A week passes; Emmy and I meet occasionally at the café. We go on two more outings, the latter of which becomes known as our first date. Both downtown, both by the water, and both so full of the bliss that comes from being with another human being after so long solitary.
I am finally happy: happy with Emmy, happy with Midge, happy with Lily Christianson.
We're on another date now. Our second, I guess. Boldness overtakes me and I decide to pop a question.
“Do you dream of anything more than this?”
Emmy’s gaze remains fixed on the horizon. We’re atop Mount Doug, the city spread out below us, the ocean stretching all around, and white-capped Mount Baker a sentinel in the distance. It is one of my favourite sights, something that I need to see before believing I’m home from any journey.
“Of course, Declan,” she answers. “I dream of far flung travels that remind me why I love this place, of where my life will lead me, what twists and turns are in store that I cannot hope to anticipate.”
I allow her answer to rest in the air a few moments, swept away by the gentle current of the wind, before proving my own.
“I sometimes dream of having an ice cream cone in hand, slowly melting, while my other hand is clasped by a small child.”
Emmy looks at me now, her mouth slightly agape, her eyes widened with astonishment.
“And sometimes,” I continue, a smile tugging at the corners of my mouth. “Sometimes I dream that there’s a woman holding that child’s opposite hand, too.”
From the corner of my eye I see Emmy’s heart melt.
That evening I’m at the café, a slight change in routine. It doesn’t bother me, though; I know that my date doesn’t need to be informed of the change in time. I have to wait only a few minutes before she arrives.
“Good evening, Lily Christianson.”
She smiles and sits on the stool next to me, saying her own greetings. We exchange the basic pleasantries, the obligatory beginnings to any conversation. “How have you been?” “Can you believe the weather we’ve been having?” “Did you read about such and such in the paper?”
With that behind us, I’m finally able to delve into the true purpose of our meeting.
“Do you dream of fame, Lily?”
The question takes her off guard, and she fumbles with words before answering. She says that it’s something she has considered often; that, while she enjoys being noticed, the magnifying glass of public fame would be stifling.

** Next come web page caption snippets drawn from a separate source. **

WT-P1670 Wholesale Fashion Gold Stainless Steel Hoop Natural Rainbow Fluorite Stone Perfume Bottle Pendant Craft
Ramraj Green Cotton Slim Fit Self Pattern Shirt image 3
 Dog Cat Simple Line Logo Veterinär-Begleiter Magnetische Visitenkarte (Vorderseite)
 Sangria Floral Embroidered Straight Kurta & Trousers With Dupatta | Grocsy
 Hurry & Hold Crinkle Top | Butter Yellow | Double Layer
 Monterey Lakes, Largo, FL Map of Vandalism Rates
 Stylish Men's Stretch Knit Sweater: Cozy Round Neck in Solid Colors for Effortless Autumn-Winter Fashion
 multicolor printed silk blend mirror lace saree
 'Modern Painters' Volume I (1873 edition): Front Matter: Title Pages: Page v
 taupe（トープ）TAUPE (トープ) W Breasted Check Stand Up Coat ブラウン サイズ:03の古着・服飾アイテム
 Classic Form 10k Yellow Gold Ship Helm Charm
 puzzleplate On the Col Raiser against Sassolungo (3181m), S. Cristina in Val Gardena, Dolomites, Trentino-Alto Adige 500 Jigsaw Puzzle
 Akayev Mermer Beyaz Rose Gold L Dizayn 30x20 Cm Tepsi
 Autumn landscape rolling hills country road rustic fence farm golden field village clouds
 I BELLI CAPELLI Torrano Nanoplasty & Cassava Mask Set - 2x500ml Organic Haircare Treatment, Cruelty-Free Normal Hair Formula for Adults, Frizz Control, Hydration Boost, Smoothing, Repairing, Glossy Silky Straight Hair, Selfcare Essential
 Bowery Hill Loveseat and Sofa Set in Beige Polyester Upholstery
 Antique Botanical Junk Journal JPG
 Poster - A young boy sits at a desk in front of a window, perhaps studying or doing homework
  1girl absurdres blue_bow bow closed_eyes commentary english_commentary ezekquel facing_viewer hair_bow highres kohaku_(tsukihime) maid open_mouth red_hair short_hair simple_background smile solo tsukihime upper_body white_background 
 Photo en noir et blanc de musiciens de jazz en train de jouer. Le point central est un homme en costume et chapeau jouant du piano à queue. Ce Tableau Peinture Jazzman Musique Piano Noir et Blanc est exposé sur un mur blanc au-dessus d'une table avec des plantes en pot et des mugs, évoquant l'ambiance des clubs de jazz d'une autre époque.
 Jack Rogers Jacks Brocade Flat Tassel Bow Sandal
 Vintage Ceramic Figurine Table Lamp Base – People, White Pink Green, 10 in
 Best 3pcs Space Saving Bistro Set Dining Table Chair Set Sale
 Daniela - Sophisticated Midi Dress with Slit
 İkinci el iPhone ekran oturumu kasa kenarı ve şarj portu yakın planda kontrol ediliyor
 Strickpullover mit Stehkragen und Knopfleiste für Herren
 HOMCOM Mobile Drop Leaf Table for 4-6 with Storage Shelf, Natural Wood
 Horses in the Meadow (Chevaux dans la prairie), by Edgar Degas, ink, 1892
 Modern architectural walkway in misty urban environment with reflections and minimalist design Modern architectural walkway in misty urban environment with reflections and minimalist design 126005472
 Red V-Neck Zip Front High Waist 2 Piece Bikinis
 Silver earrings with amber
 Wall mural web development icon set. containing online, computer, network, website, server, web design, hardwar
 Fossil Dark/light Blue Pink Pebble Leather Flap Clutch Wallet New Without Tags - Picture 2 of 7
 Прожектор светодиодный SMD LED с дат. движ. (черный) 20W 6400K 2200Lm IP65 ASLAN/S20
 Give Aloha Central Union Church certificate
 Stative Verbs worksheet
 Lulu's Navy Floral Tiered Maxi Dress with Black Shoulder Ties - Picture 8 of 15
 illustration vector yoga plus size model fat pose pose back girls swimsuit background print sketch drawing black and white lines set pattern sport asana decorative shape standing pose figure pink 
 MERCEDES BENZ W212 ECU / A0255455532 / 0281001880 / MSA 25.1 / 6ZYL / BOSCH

“Huh,” I reply. “I can see that.”
Her next move is to turn the question back on me.
“Well, fame for a writer is an entirely different animal, I think.” I pause to think before continuing. Lily allows me this moment, though doesn’t turn away. I realize then how genuinely interested she is in me, in my life.
Does she know what she is?
“Writers generally don’t get mobbed in the street, or have their faces plastered across magazines at the grocery store.”
Lily says that writers are not often thanked.
Her words stun me into silence. I close my eyes for what I think are few seconds, truly hurt by the revelation. And if the revelation hurts me, does that mean I really am seeking attention?
When I open my eyes, my hands are on my thighs, my laptop screen dimmed, and I’m alone but for the barista.
“You never gave me the chance to thank you, Lily Christianson.”